Repeat, word for word, all the data that follows, and exclude the pictures.

==== INFORMATION PROVIDED

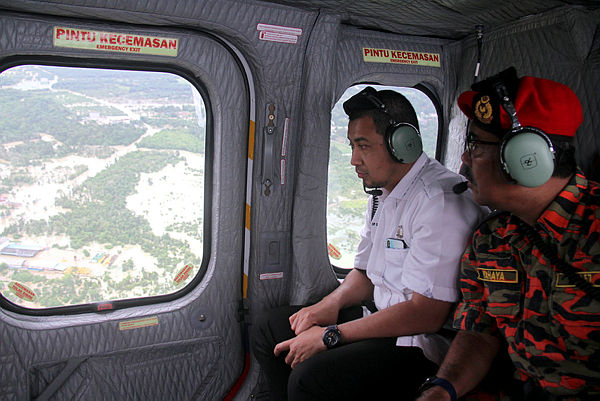 Johor Chief Minister Datuk Dr Sahruddin Jamal (left) and Director of Johor Fire and Rescue Department Datuk Yahaya Madis observes the flood situation in Johor by helicopted on Dec 16 — Bernama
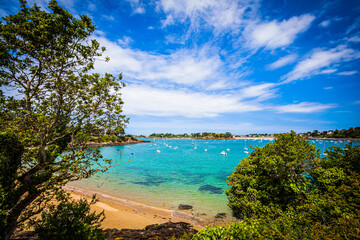 Small bay with boats at the emerald coast in Brittany, France
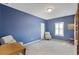 Neutral carpeted bedroom features blue walls, white trim, and shuttered window at 15143 Ovation Dr, Winter Garden, FL 34787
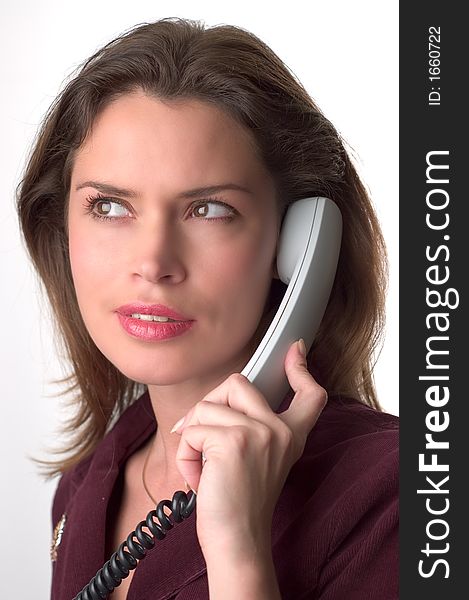 Pretty brunette secretary  with telephone headset. Pretty brunette secretary  with telephone headset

========

§ **TASK RESULT**:
 Johor Chief Minister Datuk Dr Sahruddin Jamal (left) and Director of Johor Fire and Rescue Department Datuk Yahaya Madis observes the flood situation in Johor by helicopted on Dec 16 — Bernama
 Small bay with boats at the emerald coast in Brittany, France
 Neutral carpeted bedroom features blue walls, white trim, and shuttered window at 15143 Ovation Dr, Winter Garden, FL 34787
 Pretty brunette secretary  with telephone headset. Pretty brunette secretary  with telephone headset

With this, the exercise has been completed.